Parsing cases that need much lookahead

Most parsing can be done by looking only at the next symbol (character for lexical analysis, token for parsing proper), and most of the remaining cases can be handled by looking at only one symbol after that.
Are there any practical cases - for programming languages or data formats in actual use - that need several or indefinitely many symbols of lookahead (or equivalently backtracking)?
As I recall, Fortran is one language in which you need a big lookahead buffer.
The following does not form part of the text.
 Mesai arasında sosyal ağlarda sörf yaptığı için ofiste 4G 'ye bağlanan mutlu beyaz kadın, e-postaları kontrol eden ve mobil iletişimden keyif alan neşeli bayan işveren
Parsing Fortran requires (in theory) unbounded lookahead, although most implementations limit the length of a statement line, which puts a limit on the size of the lookahead buffer.
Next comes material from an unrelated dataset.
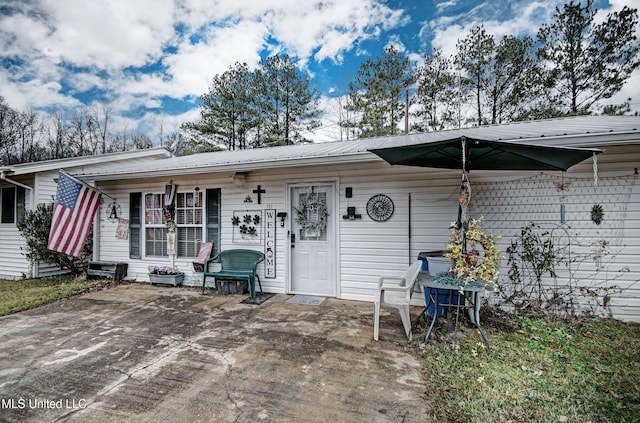 view of front of home with a patio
Also, see the selected answer for Why can't C++ be parsed with a LR(1) parser?. In particular, the quote:
"C++ grammar is ambiguous, context-dependent and potentially requires infinite lookahead to resolve some ambiguities".
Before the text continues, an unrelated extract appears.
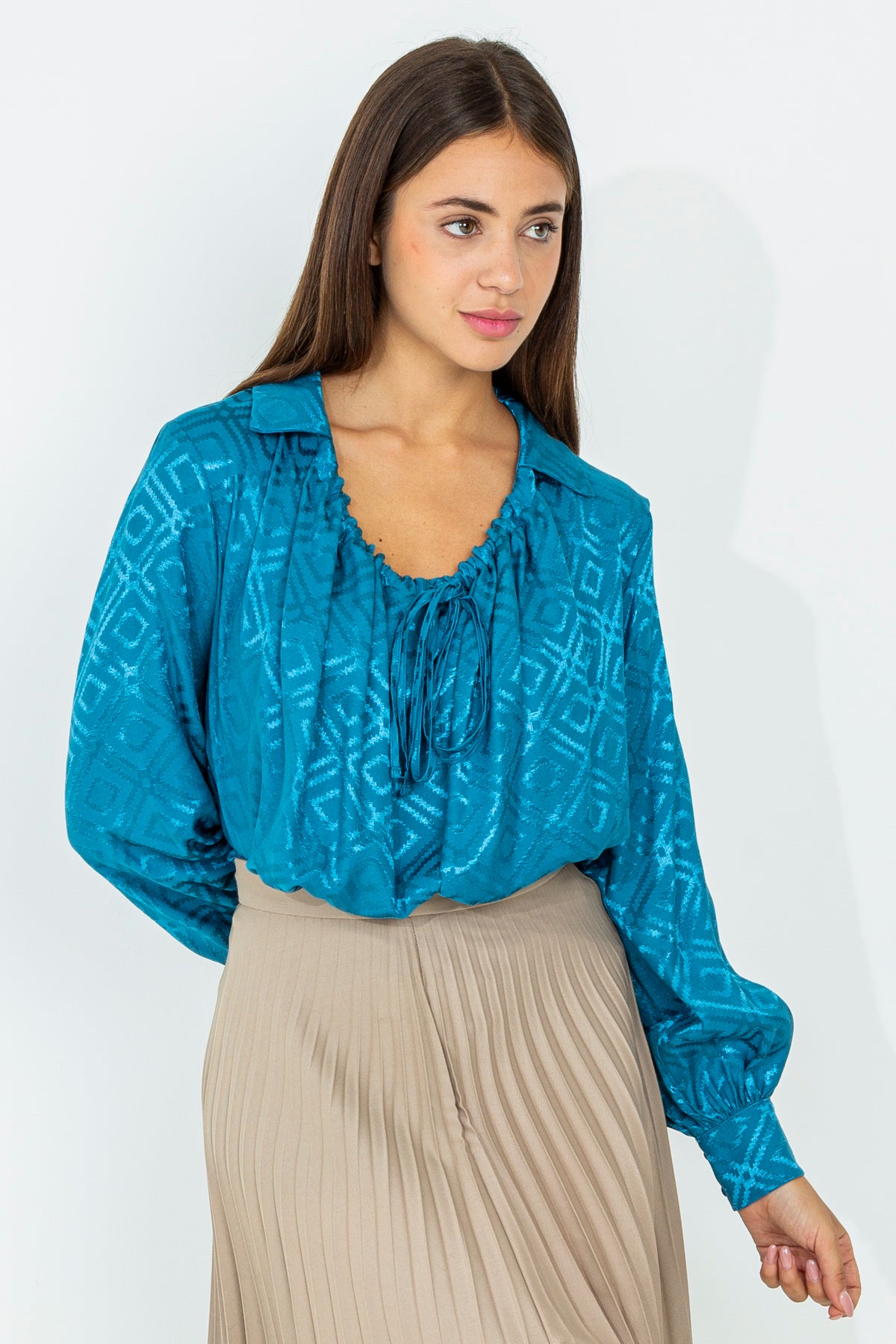 Blouse in embossed fabric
Knuth proved that any LR(k) grammar can be mechanically transformed to a LR(1) one. Also, AFAIK, any LR(k) grammar can be parsed in time proportional to the length of the parsed string. As it includes LR(1), I don't see what use there would be for implementing LR(k) parsing with k > 1.
I never studied the LR(k)->LR(1) transformation, so it may be possible that it is not that practical for some cases, though.

Concurrent parsing algorithms

Are there existing parser algorithms (similar to LALR, SLR and LL) that can parse a single input, not just multiple inputs, in parallel?
Edit: Sorry, I wasn't really looking for research papers, more like, "There are compiler-compilers that generate concurrent parsers" or "This compiler for this language parses it in parallel"- real world examples.
There aren't any well known ones :-}
Much of the reason is the problem is described as parsing a string, presenting to the parser one token a time. That makes the problem sequential by definition, ugh.
One could imagine presenting the array of tokens to some parser all at once, and then have the parser parse substrings at various points across the array, stitching compatible trees for substrings together. The stitching process is likely to be complicated, but might be manageable if driven by an L(AL)R [better, a GLR] parser that swallowed nonterminals left-to-right after most of the parse trees for substrings were produced; think of this an an "accumulator".
[Shades, a quick Google search produces a 1990 Japanese paper on doing parallel GLR with what amounts to parallel Prolog]
You now have the problem of producing the array of tokens magically in parallel. Now you need a parallel lexer :-}
EDIT June 2013: I finally remembered McKeeman's 1982 paper on parallel LR parsing.
I'm working on a deterministic context free parsing algorithm with O(N) work complexity, O(log N) time complexity, fine-grained parallelism that is proportional to the length of the input string, and equivalent behavior to a LR parser. I'll be submitting it for peer review shortly.
The main idea is to process each character in the input stream independently, assume that it could match any rule, then piece together neighboring groups of characters until they unambiguously match a single rule. Once a rule is matched, it is filtered out by the algorithm. After all rules are matched, tokens are gathered together into a sequence.
There is some complexity involved in handling tokens with wildcards that could partially nest, and a post-processing step is needed to handle these and maintain the worst-case O(log N) complexity. This step probably is not needed in practice.